During the Independence ceremony, the new President of the Republic of South Sudan spoke of his commitment to peace in the regions of Sudan that do not yet have peace or freedom. Yet for South Sudan to engage in the struggle for freedom in these regions, they will need peace within their own borders. Salva Kiir has announced an amnesty for rebel groups still fighting within South Sudan, funded and armed by Khartoum.
With the independence of South Sudan and the ending of the CPA, Khartoum has announced that all UN forces north of the border will be removed.
The peoples of the Nuba Mountains desperately need the support of international NGOs, institutions and governments to provide emergency relief and to apply political pressure on Khartoum. Demonstration in Kadugli in June 2011
Responding to the Crisis
The Nuba people are fighting to be part of a new Sudan which respects diversity.
The people in the Nuba Mountains are calling for help from the International Community. HART was told: ‘Unless the International Community engages with the situation in the Nuba Mountains, there will be no peace here.’
1. The Nuba people are requesting a No Fly Zone to be set up in the region.
2. They are asking international governments to pressure Khartoum to allow humanitarian access without delay or hindrance to all in need.
3. They are asking for an international independent committee of enquiry to be sent to the Nuba Mountains to investigate and report on recent events.

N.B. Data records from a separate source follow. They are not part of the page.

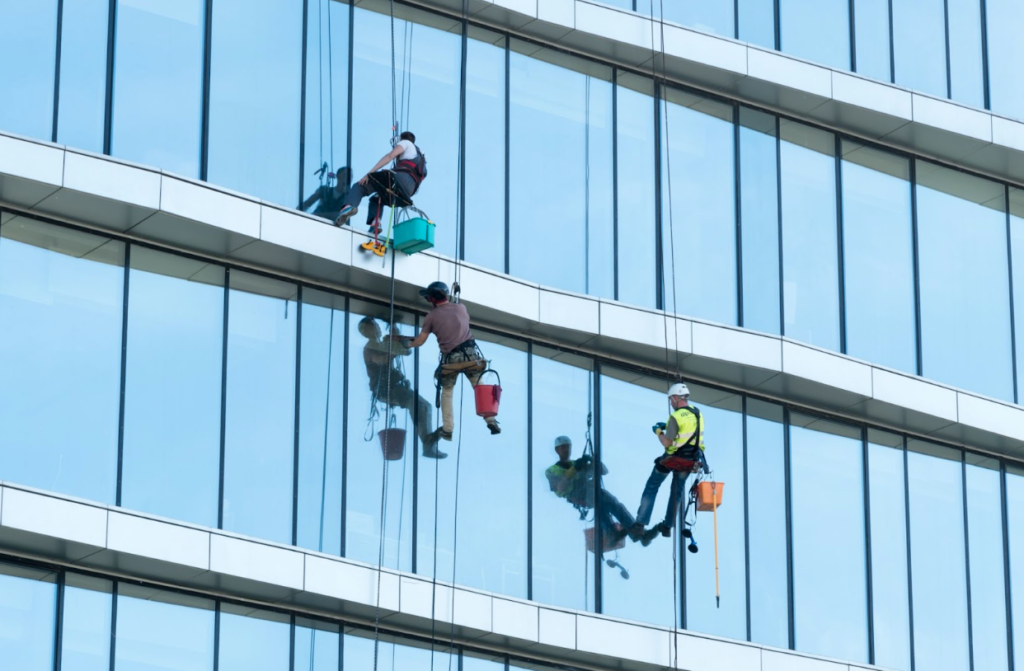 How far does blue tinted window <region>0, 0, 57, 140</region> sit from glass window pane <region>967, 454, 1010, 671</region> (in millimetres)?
14090

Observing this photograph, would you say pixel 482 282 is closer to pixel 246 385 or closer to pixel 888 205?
pixel 246 385

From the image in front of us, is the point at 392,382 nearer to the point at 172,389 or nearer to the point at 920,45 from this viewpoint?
the point at 172,389

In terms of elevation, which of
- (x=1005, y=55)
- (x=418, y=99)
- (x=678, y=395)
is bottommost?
(x=678, y=395)

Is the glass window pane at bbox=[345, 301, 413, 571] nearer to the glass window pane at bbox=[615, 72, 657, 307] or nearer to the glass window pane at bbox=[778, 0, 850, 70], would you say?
the glass window pane at bbox=[615, 72, 657, 307]

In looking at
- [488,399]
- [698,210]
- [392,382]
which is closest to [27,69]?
[392,382]

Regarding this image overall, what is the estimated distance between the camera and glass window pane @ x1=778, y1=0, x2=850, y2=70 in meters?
32.1

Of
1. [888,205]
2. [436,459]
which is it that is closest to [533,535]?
[436,459]

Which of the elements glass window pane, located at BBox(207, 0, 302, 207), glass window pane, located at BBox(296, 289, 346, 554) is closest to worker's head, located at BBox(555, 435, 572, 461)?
glass window pane, located at BBox(296, 289, 346, 554)

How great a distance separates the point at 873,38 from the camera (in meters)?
32.9

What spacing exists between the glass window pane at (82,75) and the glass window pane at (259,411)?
95.1 inches

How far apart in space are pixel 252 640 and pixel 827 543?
27.9ft

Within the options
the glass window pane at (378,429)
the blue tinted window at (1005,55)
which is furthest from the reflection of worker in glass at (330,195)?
the blue tinted window at (1005,55)

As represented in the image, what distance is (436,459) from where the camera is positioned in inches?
1084

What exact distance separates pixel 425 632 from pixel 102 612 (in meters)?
4.05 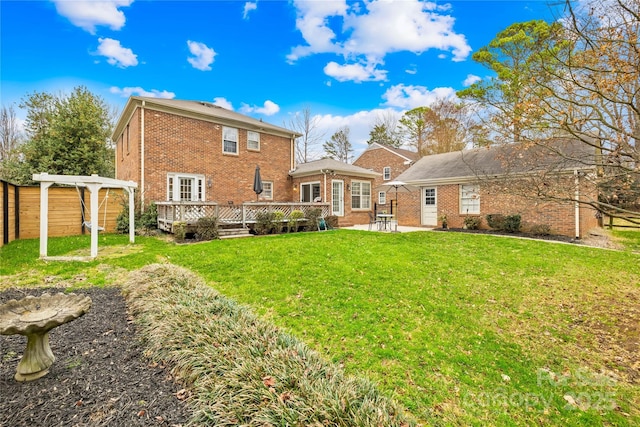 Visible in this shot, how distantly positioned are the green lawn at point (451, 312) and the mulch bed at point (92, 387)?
165 cm

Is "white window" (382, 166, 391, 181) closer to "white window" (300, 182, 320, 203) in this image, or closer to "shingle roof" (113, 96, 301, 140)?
"shingle roof" (113, 96, 301, 140)

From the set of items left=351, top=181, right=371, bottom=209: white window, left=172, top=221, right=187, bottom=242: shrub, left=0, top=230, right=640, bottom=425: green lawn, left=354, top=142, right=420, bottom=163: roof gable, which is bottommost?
left=0, top=230, right=640, bottom=425: green lawn

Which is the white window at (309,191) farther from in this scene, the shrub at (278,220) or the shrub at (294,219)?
the shrub at (278,220)

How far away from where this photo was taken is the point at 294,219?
40.1ft

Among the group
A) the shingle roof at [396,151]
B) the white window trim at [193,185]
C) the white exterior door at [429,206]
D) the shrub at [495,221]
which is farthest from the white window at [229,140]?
the shingle roof at [396,151]

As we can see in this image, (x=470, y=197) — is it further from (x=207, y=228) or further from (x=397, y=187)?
(x=207, y=228)

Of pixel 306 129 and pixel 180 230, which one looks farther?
pixel 306 129

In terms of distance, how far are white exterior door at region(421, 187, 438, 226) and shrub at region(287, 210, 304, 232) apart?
7.95 meters

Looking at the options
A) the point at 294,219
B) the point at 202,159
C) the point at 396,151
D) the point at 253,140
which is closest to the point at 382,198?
the point at 396,151

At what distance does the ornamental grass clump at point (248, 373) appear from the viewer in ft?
6.40

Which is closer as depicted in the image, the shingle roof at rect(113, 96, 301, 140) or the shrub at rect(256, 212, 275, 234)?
the shrub at rect(256, 212, 275, 234)

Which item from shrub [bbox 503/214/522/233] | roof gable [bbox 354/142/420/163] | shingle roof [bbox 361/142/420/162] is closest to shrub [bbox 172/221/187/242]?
shrub [bbox 503/214/522/233]

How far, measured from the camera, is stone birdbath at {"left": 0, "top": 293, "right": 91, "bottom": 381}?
2273 mm

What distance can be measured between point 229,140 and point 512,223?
13.9 metres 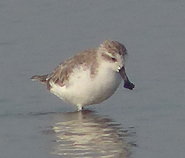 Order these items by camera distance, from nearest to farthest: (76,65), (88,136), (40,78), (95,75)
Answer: (88,136) < (95,75) < (76,65) < (40,78)

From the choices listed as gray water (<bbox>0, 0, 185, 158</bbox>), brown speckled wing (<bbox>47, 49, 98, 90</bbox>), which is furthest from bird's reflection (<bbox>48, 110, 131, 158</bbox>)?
brown speckled wing (<bbox>47, 49, 98, 90</bbox>)

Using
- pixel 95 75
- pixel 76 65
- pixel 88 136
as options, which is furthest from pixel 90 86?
pixel 88 136

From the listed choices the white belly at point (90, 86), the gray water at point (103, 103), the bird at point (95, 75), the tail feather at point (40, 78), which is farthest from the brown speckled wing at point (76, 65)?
the gray water at point (103, 103)

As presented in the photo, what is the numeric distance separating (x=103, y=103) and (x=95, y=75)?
4.90 ft

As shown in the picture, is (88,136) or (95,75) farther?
(95,75)

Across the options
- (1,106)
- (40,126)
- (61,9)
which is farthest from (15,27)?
(40,126)

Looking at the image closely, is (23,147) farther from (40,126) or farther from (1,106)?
(1,106)

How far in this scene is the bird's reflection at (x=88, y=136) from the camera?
1156 cm

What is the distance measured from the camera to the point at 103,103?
48.4 feet

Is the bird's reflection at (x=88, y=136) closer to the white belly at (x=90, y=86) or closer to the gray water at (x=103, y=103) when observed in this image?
the gray water at (x=103, y=103)

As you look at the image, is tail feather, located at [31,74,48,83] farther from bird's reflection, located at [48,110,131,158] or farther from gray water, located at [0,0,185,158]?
bird's reflection, located at [48,110,131,158]

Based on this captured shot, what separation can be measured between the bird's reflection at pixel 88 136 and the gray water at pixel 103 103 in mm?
15

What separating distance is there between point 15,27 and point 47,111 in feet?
15.9

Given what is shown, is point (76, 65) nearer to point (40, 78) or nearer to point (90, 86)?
point (90, 86) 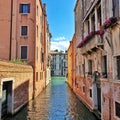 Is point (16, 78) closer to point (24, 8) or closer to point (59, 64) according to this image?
point (24, 8)

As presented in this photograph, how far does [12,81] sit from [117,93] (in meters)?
7.35

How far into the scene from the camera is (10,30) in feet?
75.5

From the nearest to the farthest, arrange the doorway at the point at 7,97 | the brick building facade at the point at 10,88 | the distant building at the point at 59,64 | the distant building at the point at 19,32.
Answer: the brick building facade at the point at 10,88
the doorway at the point at 7,97
the distant building at the point at 19,32
the distant building at the point at 59,64

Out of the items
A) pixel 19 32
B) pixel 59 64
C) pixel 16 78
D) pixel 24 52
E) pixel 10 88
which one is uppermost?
pixel 19 32

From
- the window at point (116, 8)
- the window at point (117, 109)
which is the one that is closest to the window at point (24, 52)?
the window at point (116, 8)

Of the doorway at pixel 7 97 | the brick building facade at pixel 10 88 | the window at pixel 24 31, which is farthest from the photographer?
the window at pixel 24 31

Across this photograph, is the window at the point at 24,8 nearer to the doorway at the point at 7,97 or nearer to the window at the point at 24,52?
the window at the point at 24,52

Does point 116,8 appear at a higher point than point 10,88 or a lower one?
higher

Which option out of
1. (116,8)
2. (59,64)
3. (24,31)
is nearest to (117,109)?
(116,8)

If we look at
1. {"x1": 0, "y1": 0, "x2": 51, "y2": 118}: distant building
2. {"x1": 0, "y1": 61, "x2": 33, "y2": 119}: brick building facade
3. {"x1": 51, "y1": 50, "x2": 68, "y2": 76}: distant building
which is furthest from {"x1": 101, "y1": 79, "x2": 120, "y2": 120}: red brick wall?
{"x1": 51, "y1": 50, "x2": 68, "y2": 76}: distant building

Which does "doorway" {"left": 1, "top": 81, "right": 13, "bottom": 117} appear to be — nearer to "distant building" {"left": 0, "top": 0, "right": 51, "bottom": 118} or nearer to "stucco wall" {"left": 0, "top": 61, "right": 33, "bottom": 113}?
"stucco wall" {"left": 0, "top": 61, "right": 33, "bottom": 113}

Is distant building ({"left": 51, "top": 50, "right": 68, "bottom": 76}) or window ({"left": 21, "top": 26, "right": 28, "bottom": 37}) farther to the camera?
distant building ({"left": 51, "top": 50, "right": 68, "bottom": 76})

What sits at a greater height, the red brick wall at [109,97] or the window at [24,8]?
the window at [24,8]

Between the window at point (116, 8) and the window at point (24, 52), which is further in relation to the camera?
the window at point (24, 52) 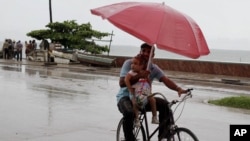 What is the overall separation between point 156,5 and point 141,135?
1.86 meters

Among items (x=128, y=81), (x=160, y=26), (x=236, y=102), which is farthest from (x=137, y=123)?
(x=236, y=102)

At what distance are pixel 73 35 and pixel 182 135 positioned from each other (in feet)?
114

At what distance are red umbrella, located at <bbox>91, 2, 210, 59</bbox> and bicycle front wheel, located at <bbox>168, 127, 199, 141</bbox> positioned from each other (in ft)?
3.10

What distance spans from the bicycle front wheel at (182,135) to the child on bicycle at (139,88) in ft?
1.15

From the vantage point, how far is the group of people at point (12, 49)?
40000mm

“Let us remember that key aspects of the peace process have not been completed. The referendum in Abyei has yet to take place. The voices of the people of Southern Kordofan and Blue Nile have not yet been heard in popular consultations. And in recent weeks we have seen new violence and human suffering, inflamed by potentially dangerous rhetoric. So, today, let this be a moment for North and South to declare, unequivocally, that they remain committed to addressing the unfinished business of the Comprehensive Peace Agreement.”
Ban Ki-moon, 9 July 2011
“I want to assure the people of Abyei, Darfur, Blue Nile and South Kordofan that we have not forgotten you. When you cry, we cry; when you bleed, we bleed. I pledge you today that we will find a just peace for all.”